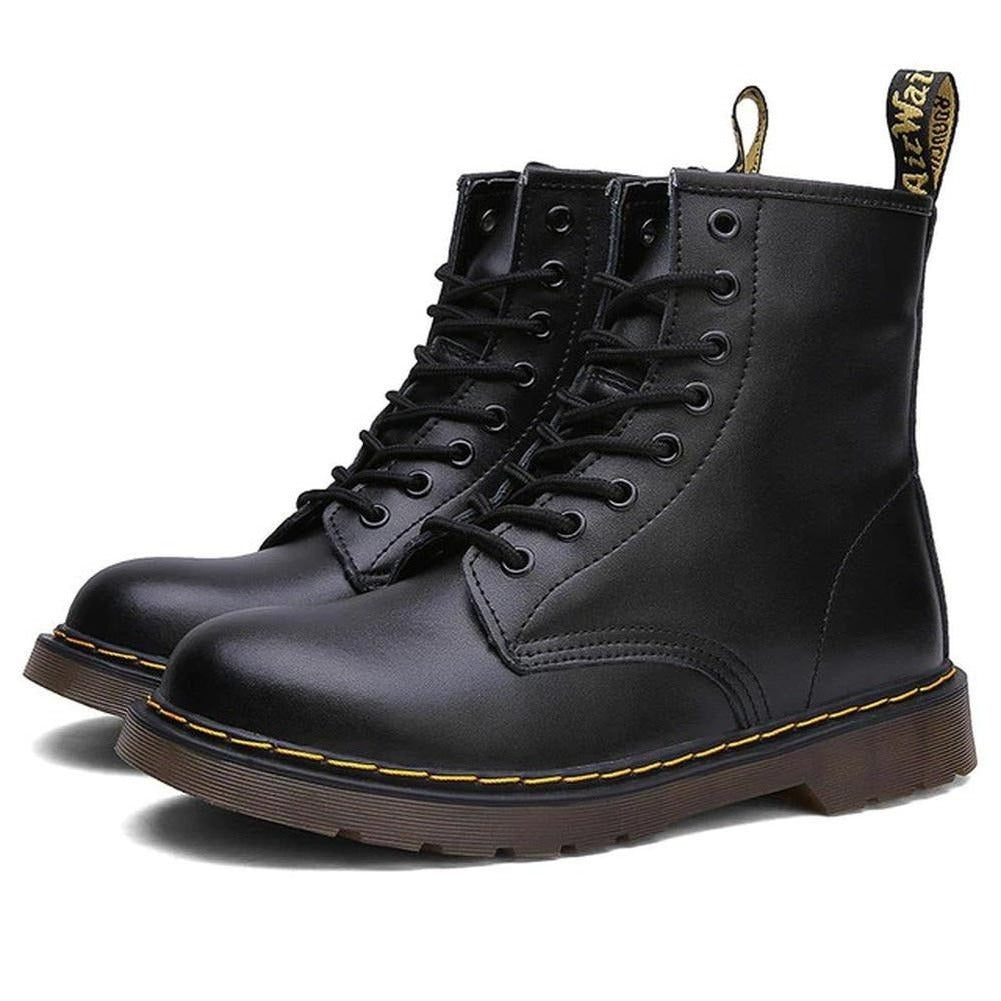 Saint Martin Leather Ankle Lace-Up Boots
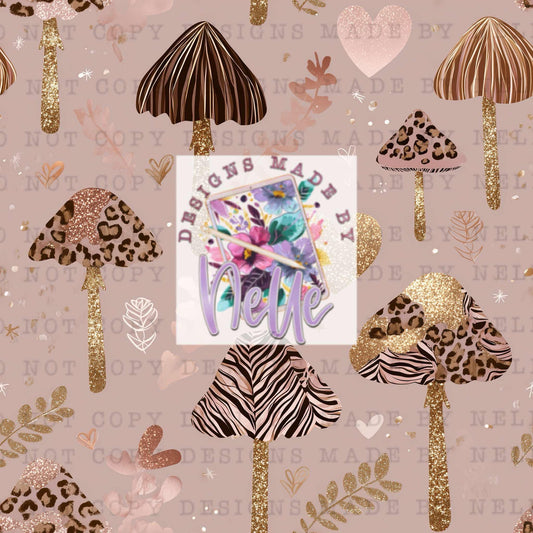 Fall Mushroom Whimsical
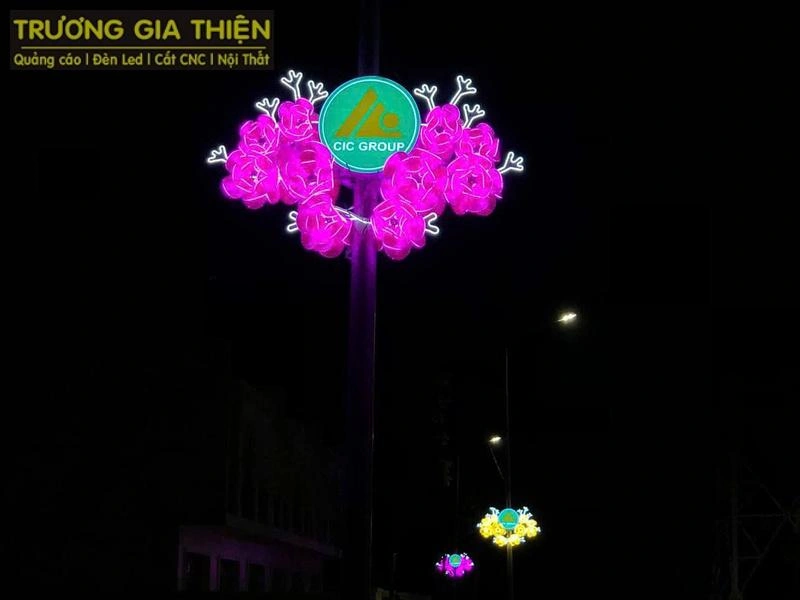 Mẫu LED trang trí ngoài trời phù hợp nhiều dịp lễ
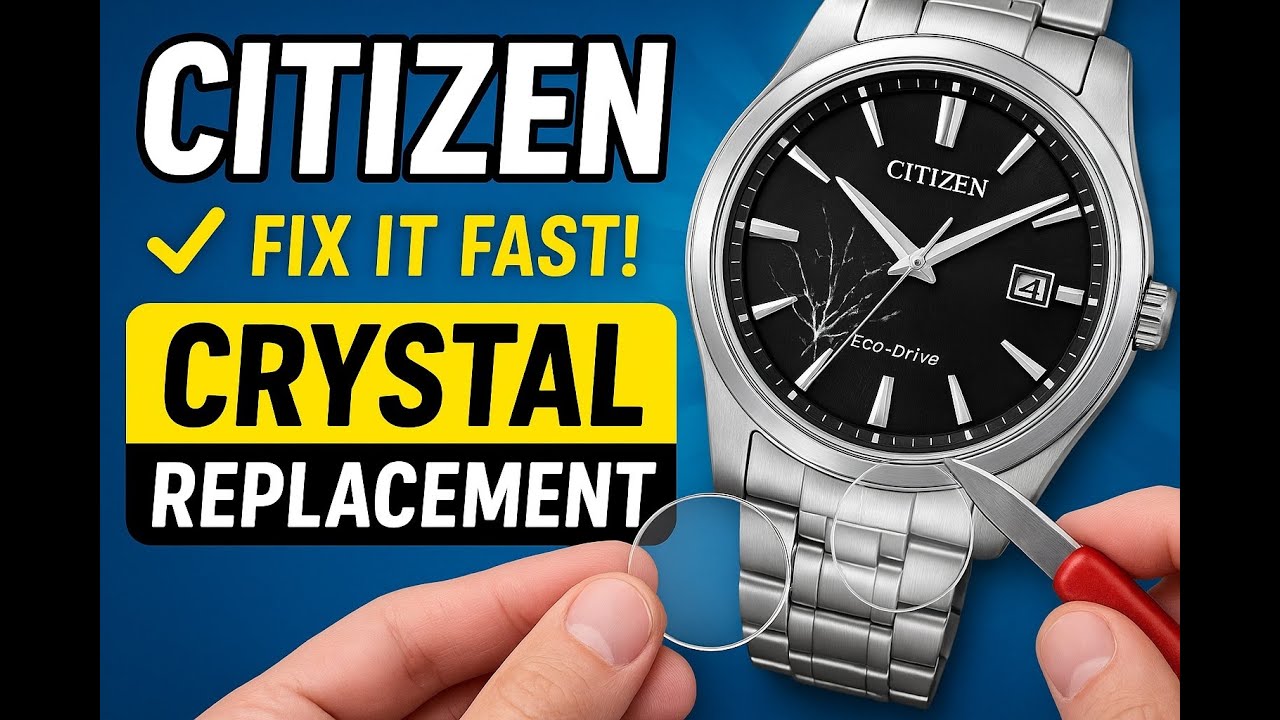 Citizen Eco Drive Crystal Replacement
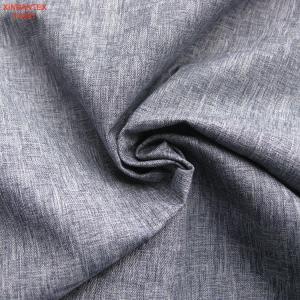 Quality F4081 100%P cationic fabric with two tone effect wholesale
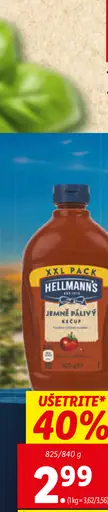 Hellmann's Kečup jemne štipľavý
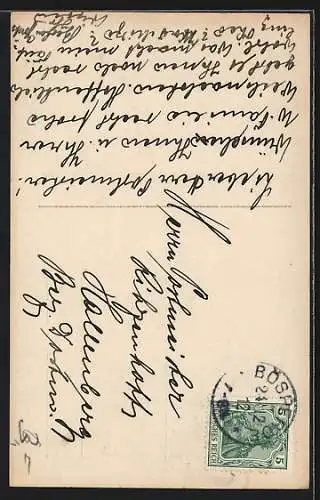 Foto-AK GG Co. Nr. 1700 /3: Junges Mädchen mit Tannenzweigen in Winterkulisse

|---|

● **Exercise details**
Pictures included in the data should be dropped; everything else must be repeated exactly.

● **Solution to the problem**
 Saint Martin Leather Ankle Lace-Up Boots
 Fall Mushroom Whimsical
 Mẫu LED trang trí ngoài trời phù hợp nhiều dịp lễ
 Citizen Eco Drive Crystal Replacement
 Quality F4081 100%P cationic fabric with two tone effect wholesale
 Hellmann's Kečup jemne štipľavý
 Foto-AK GG Co. Nr. 1700 /3: Junges Mädchen mit Tannenzweigen in Winterkulisse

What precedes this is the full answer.